We can all benefit by doing occasional "toy" programs, when artificial restrictions are set up, so that we are forced to push our abilities to the limit. —Donald Knuth, The Art of Computer Programming
Breakable Toys

Curiosity killed the cat

As programmers, we like experimenting with various tools, technologies and platforms. The "bleeding-edge" of technology fascinates many in our tribe. We read about something, it catches our attention, we get curious and then we want to play around with it. Sometimes the bleeding-edge is overrated and curiosity kills the cat.

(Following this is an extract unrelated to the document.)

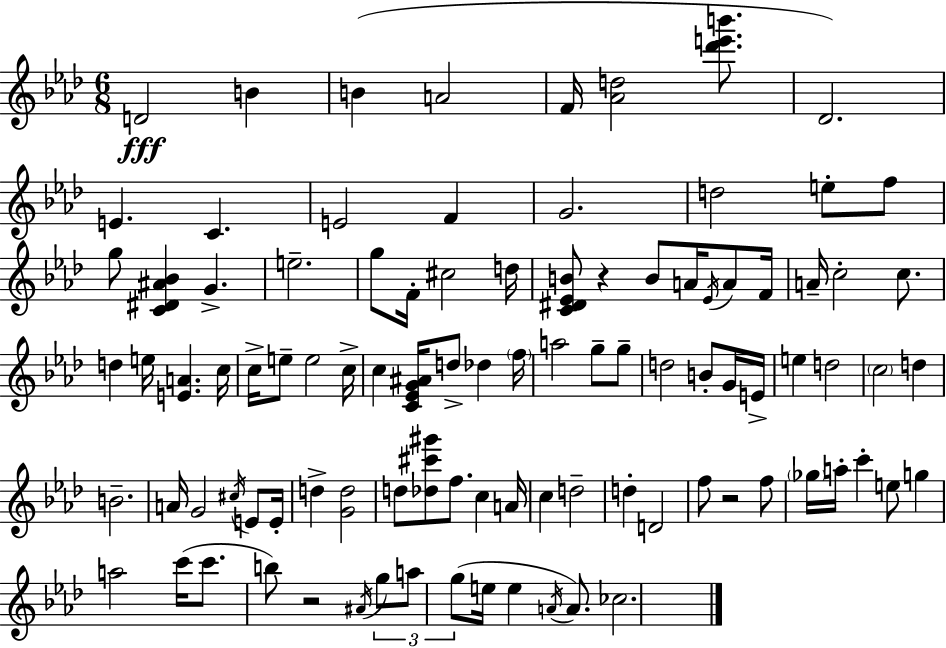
D4/h B4/q B4/q A4/h F4/s [Ab4,D5]/h [Db6,E6,B6]/e. Db4/h. E4/q. C4/q. E4/h F4/q G4/h. D5/h E5/e F5/e G5/e [C4,D#4,A#4,Bb4]/q G4/q. E5/h. G5/e F4/s C#5/h D5/s [C4,D#4,Eb4,B4]/e R/q B4/e A4/s Eb4/s A4/e F4/s A4/s C5/h C5/e. D5/q E5/s [E4,A4]/q. C5/s C5/s E5/e E5/h C5/s C5/q [C4,Eb4,G4,A#4]/s D5/e Db5/q F5/s A5/h G5/e G5/e D5/h B4/e G4/s E4/s E5/q D5/h C5/h D5/q B4/h. A4/s G4/h C#5/s E4/e E4/s D5/q [G4,D5]/h D5/e [Db5,C#6,G#6]/e F5/e. C5/q A4/s C5/q D5/h D5/q D4/h F5/e R/h F5/e Gb5/s A5/s C6/q E5/e G5/q A5/h C6/s C6/e. B5/e R/h A#4/s G5/e A5/e G5/e E5/s E5/q A4/s A4/e. CES5/h.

Teams I've have worked with in the past have adapted in different ways to save these cats.

Dedicated Platform Teams

Platform Teams focus on architecture, infrastructure, developer productivity, etc. A lot of time is dedicated to exploration and experimentation and these teams are not directly involved in product engineering. Things like Tech Radars and RFCs (Request For Comment) are used for discussions, evaluation and adoption.

Functional Teams

Functional teams manage both feature development and continuous improvement. These are self-organising teams designing their workflows and processes. The focus on exploration is a bit limited compared to dedicated platform teams.

If It Works, Don't Touch It

Some teams follow the "if it works, don't touch it" mantra religiously. Sometimes this may be a pragmatic approach but I've mostly experienced this in codebases that are rigid and not robust, fragile and not flexible. To top it all, the work environment does not allow for failure. Yet failure is often the best way to learn anything. Only by attempting to do bold things, failing, learning from that failure, and trying again can we succeed when faced with difficult problems. There's one thing everyone can do to grow in such environments.

Creating Toy Systems

Magicians would not attempt new tricks on an audience without practice. As experience is built upon failure as much as success, a private space needed to seek out failure. The same applies to software, we need a safe place to make mistakes. Design and build toy systems that are similar in tool set, but not in scope to the systems you build at work. This is the Breakable Toys Pattern.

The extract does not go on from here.